(THE DATA Opens)

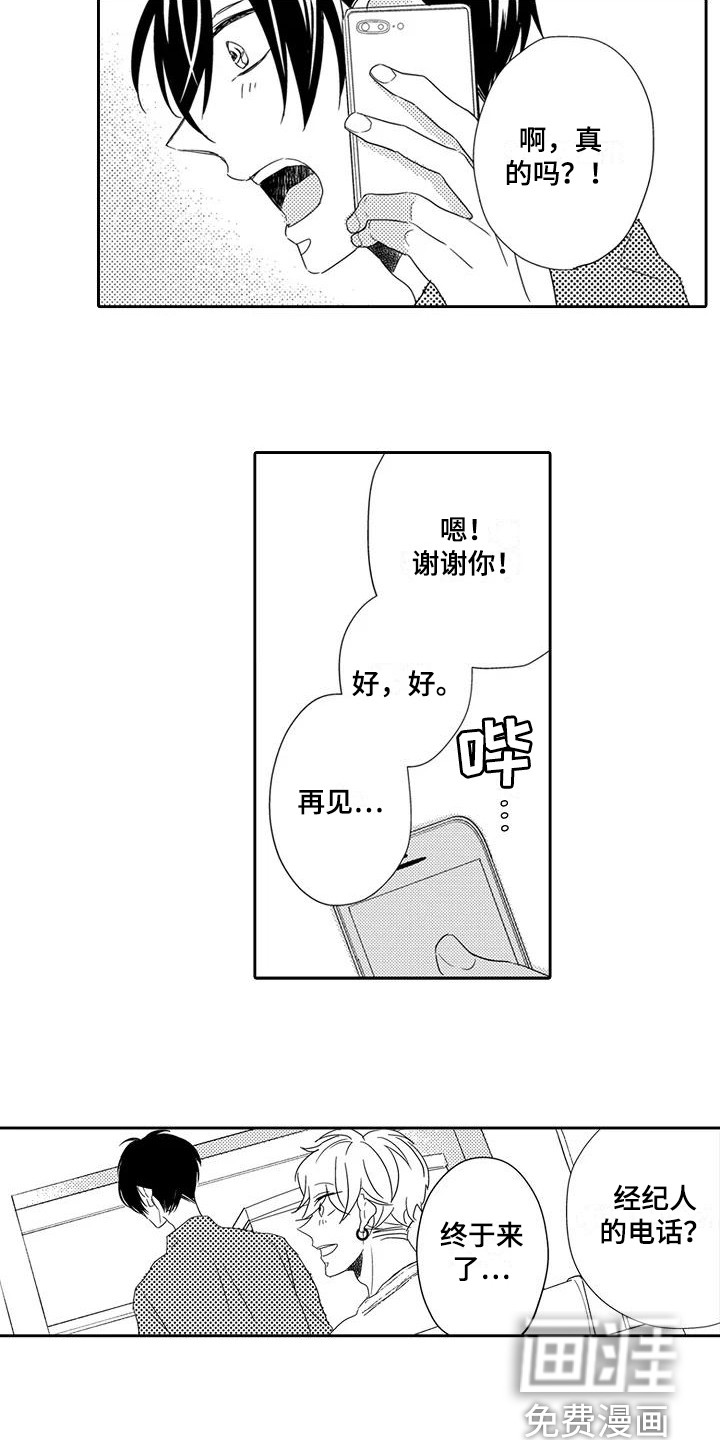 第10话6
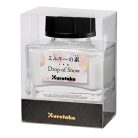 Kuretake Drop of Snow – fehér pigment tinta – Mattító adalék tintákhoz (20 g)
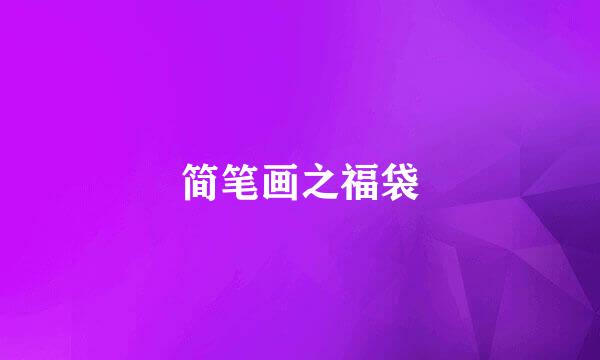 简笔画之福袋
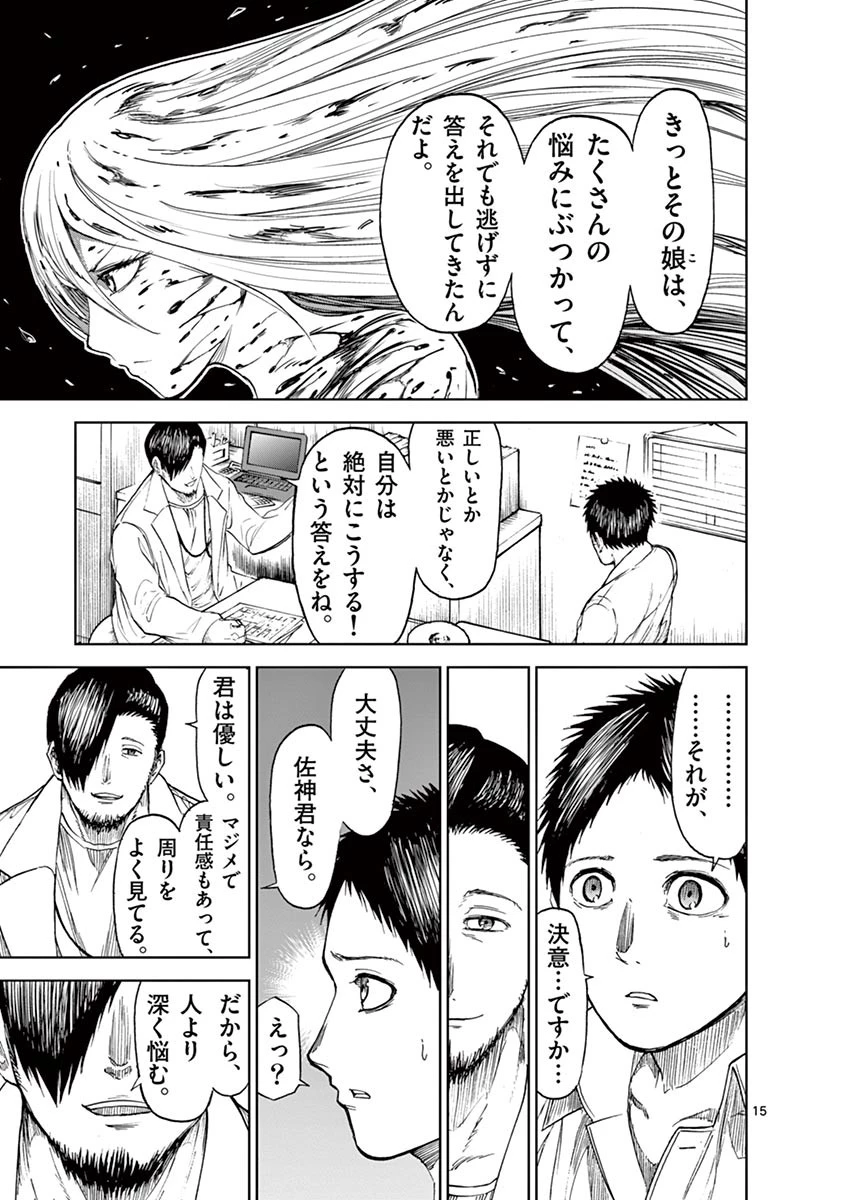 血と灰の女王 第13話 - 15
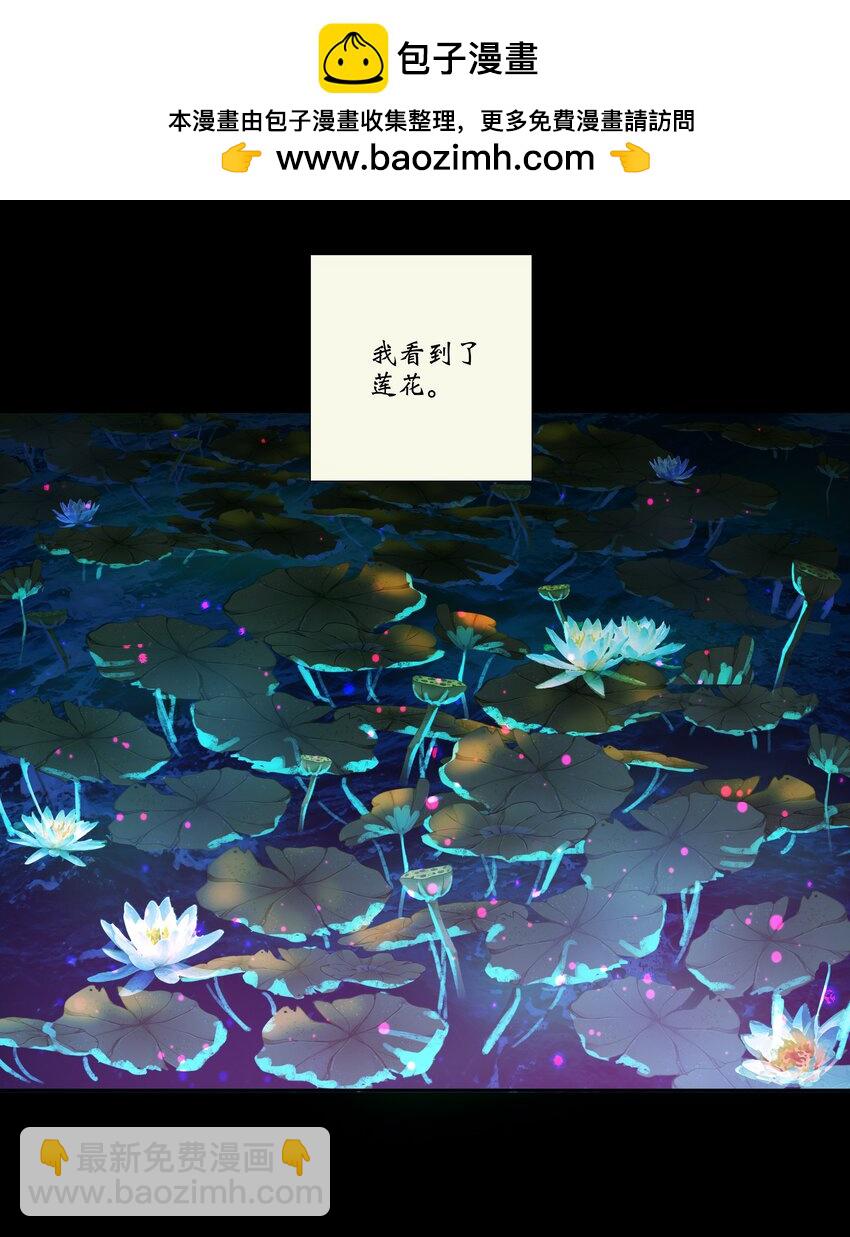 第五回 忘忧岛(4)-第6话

(THE DATA Closes)

▶ **WHAT YOU WILL DO**
Copy exactly the lines from the one containing "Kuretake Drop of" through the final line of the records above, both included, and leave out any pictures.

▶ **WRITTEN RESPONSE**
 Kuretake Drop of Snow – fehér pigment tinta – Mattító adalék tintákhoz (20 g)
 简笔画之福袋
 血と灰の女王 第13話 - 15
 第五回 忘忧岛(4)-第6话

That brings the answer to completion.